FORMER Zimbabwe coach Roy Barreto has joined an elite band of high-profile sportsmen who have spoken out against the regime of President Robert Mugabe.
Until this week only two major stars in
Zimbabwe, fast bowler Henry Olonga and renowned wicketkeeper and batsman Andy Flower, had stood up against Mugabe, but the former Warriors mentor joined the famous pair in Portugal at the weekend to participate in a “black armband” protest.
Barreto told the media that the crisis in Zimbabwe was affecting everyone, including sports personalities, and he joined the Zim Vigil activists in Portugal to add his weight to their message.

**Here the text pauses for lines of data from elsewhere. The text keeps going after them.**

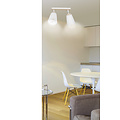 Salo 2L white ceiling lamp white and wood 2x E27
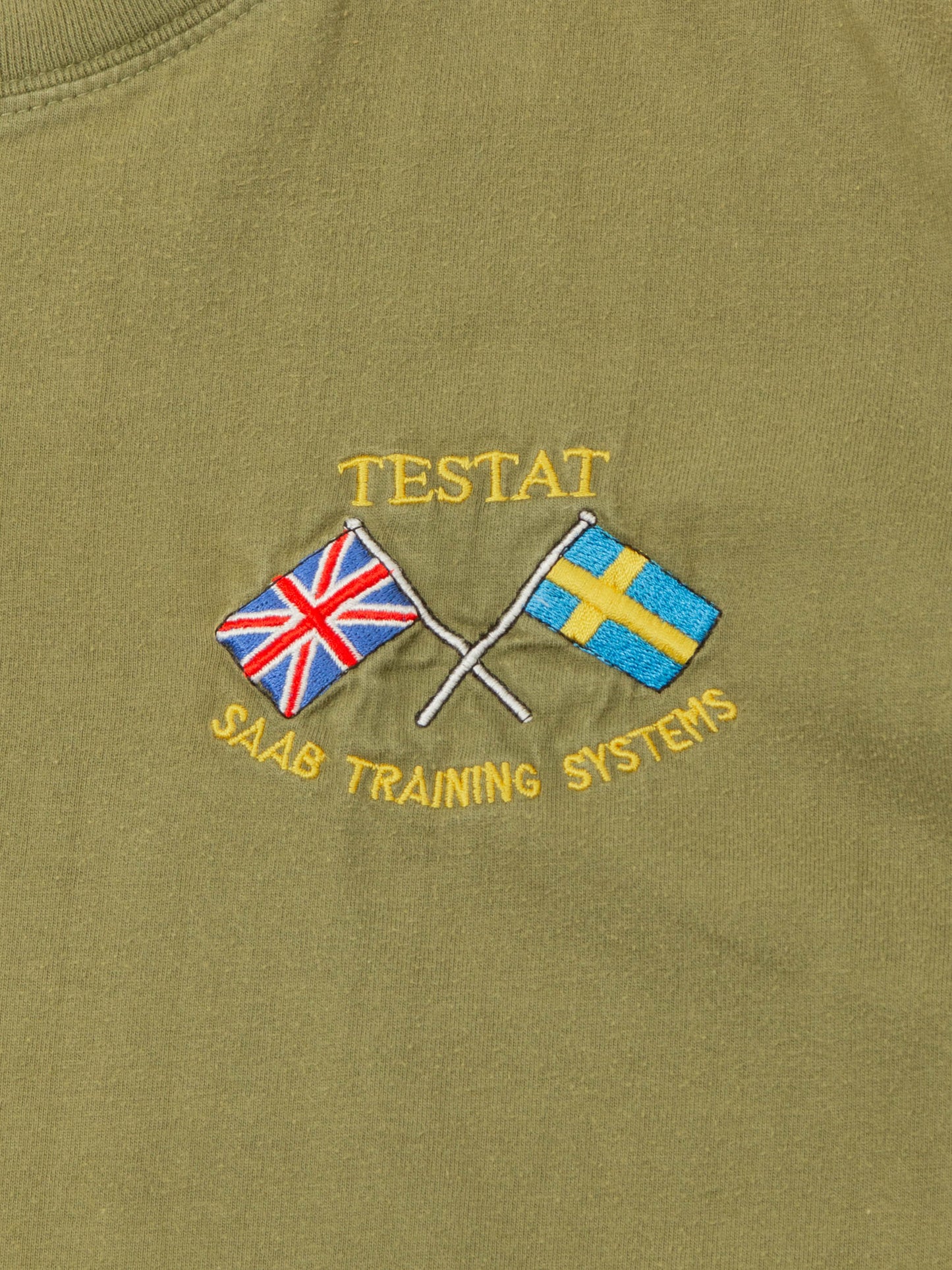 2000s British Army 'Saab Training Systems' Tee (L/XL)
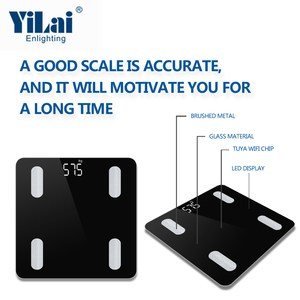 2025 गर्म बिक्री इलेक्ट्रिक स्मार्ट बाथरूम डिजिटल वजन पैमाने ट्यूया ब्लूटूथ वाईफ़ाई व्यक्तिगत वजन शरीर वसा स्केल - Product Image 4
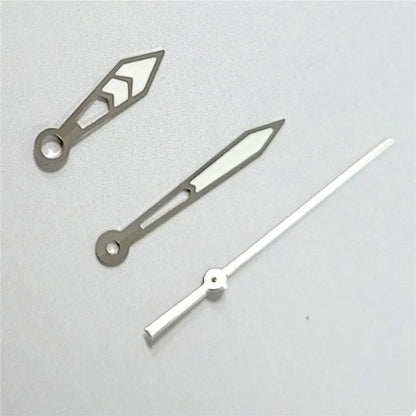 Modified Silver Trim Green Luminous Watch Hands for NH35 NH36 4R36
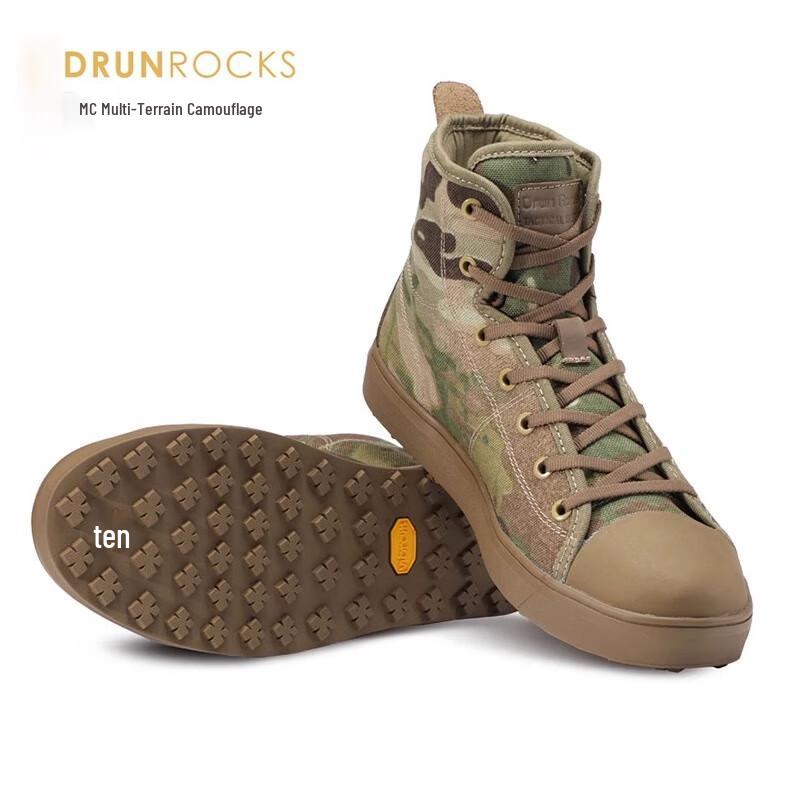 Junluoke Men s Mid-Top Tactical Canvas Boots EU 36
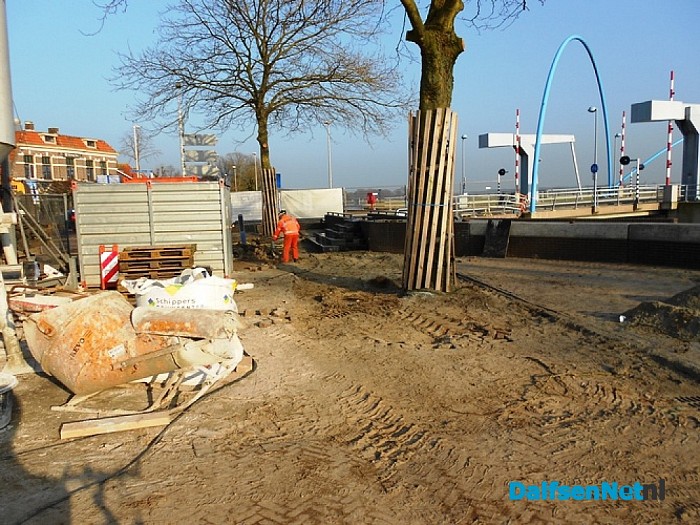 Het werk aan de kade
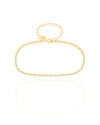 Pulseira Riviera Turmalina 2 mm Banhado a Ouro 18K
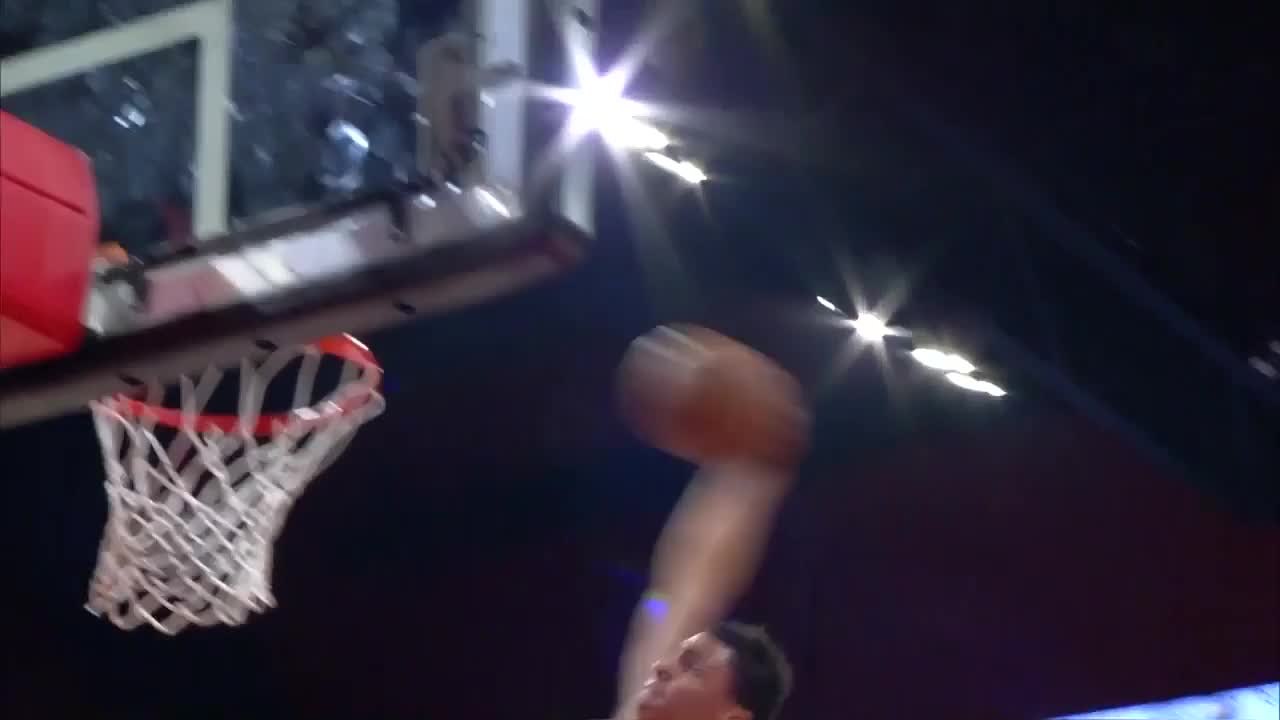 Justin Reyes rises up and throws it down
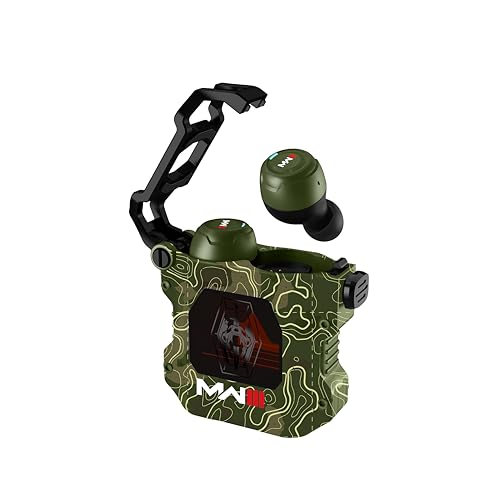 OTL Call of Duty Modern Warfare III TWS Wireless Earphones Case Olive Green Camo*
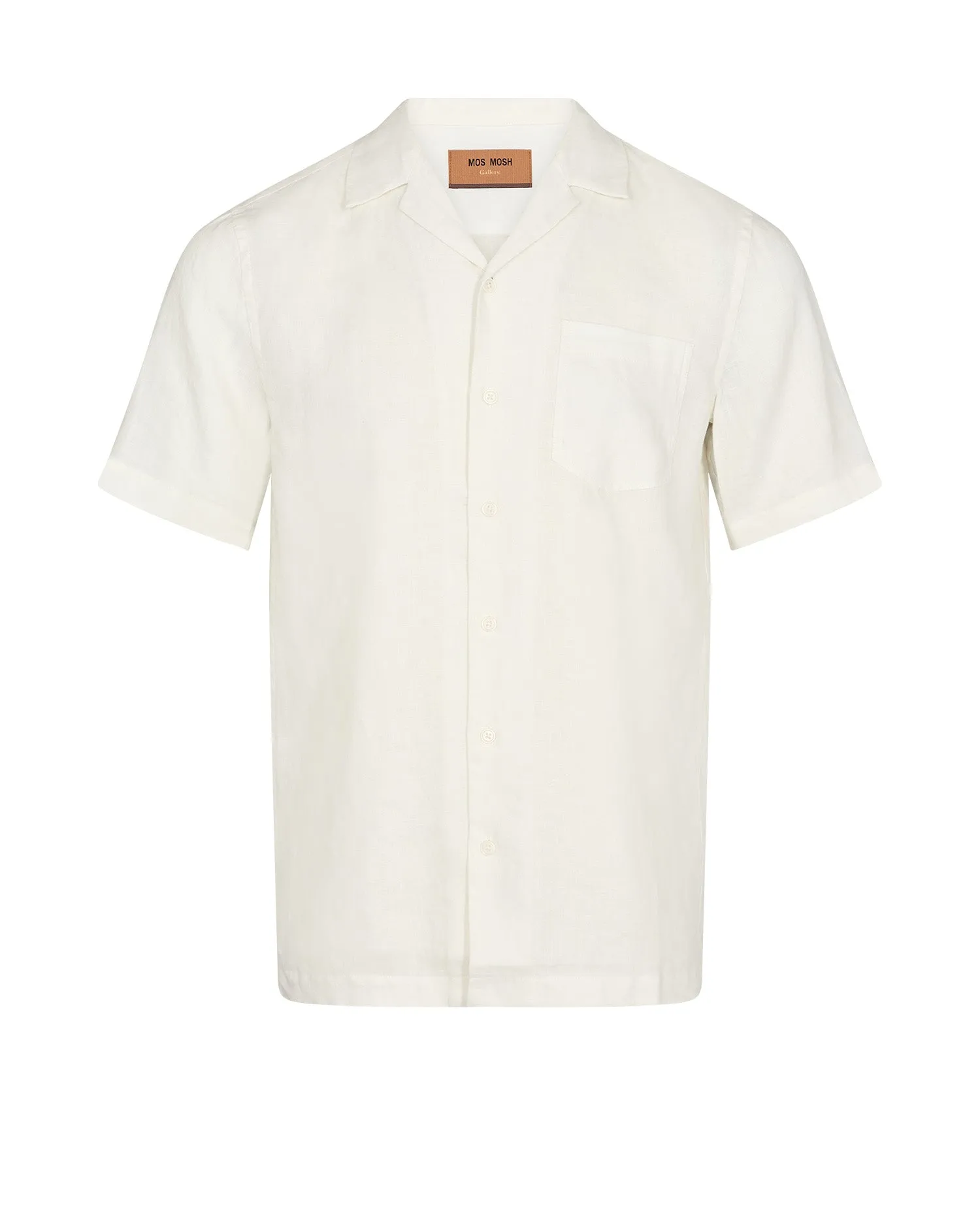 Mos Mosh Gallery Mens Theo Linen Shirt - Ecru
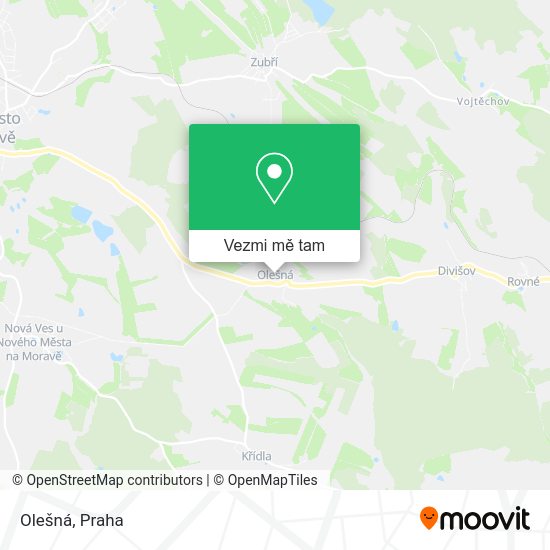 Olešná mapa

More than 30 activists travelled from London to Lisbon and voiced their disaffection with Mugabe’s presence at the EU-Africa summit, given his human rights record.
Barreto said the protests were very successful as they raised awareness on the crisis in the country.
He said both delegates to the summit and ordinary Portuguese residents were left very clear on what the problems in Zimbabwe were about.
The veteran coach had stints with Highlanders, Zimbabwe Saints, Shu-Shine and Black Rhinos in Zimbabwe before coaching Free State Stars, Manning Rangers and Orlando Pirates in South Africa.
Asked if he will go back to coach teams in Zimbabwe, Barreto said he would only go back once things normalised.
Commentators have in the past urged sports personalities with a huge fan base to use their clout and speak out against abuses in the country.
Olonga and Flower fled Zimbabwe after they wore black armbands during a match in which they “mourned the death of democracy in Zimbabwe” in 2003. — Kick Off.